Dziś Silje Garmo wraz z córeczką wzięły udział w konferencji prasowej zorganizowanej przez Instytut Ordo Iuris, którego prawnicy zaangażowali się w obronę Norweżki.
- Rozmawiamy o problemie, który ma charakter systemowy. Dotyczy on w tej chwili jednej czwartej dzieci w Norwegii. Są one odbierane rodzicom najczęściej na podstawie bardzo błahych przesłanek. Rzadko chodzi o problemy z najszerzej nawet rozumianą przemocą. Dużo częściej pretekstem do odebrania dziecka jest wątpliwie interpretowany „brak kompetencji rodzicielskich – powiedział dr Tymoteusz Zych, członek zarządu Ordo Iuris.
Sprawę walki Norweżki o zapewnienie bezpieczeństwa sobie i dziecku przybliżył adw. dr Bartosz Lewandowski.

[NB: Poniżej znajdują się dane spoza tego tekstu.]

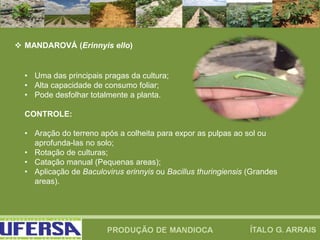  MANDAROVÁ (Erinnyis ello)
• Uma das principais pragas da cultura;
• Alta capacidade de consumo foliar;
• Pode desfolhar totalmente a planta.
CONTROLE:
• Aração do terreno após a colheita para expor as pulpas ao sol ou
aprofunda-las no solo;
• Rotação de culturas;
• Catação manual (Pequenas areas);
• Aplicação de Baculovirus erinnyis ou Bacillus thuringiensis (Grandes
areas).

– Urząd ds. Cudzoziemców jednoznacznie stwierdził oczywiste naruszenie prawa Silje Garmo i jej córki do ochrony życia prywatnego. W decyzji Urzędu podkreślono, że postępowanie Barnevernet jest krzywdzące. Ten system wykazuje wiele patologii. W przypadku Silje Garmo istniało groźba odebrania córki jeszcze przed narodzeniem ze względu na coś, co określano mianem "chaotycznego trybu życia". Z tego względu Urząd ds. Cudzoziemców zarekomendował przyznanie azylu i zwrócił się w tej sprawie do Ministerstwa Spraw Zagranicznych – wskazał prawnik.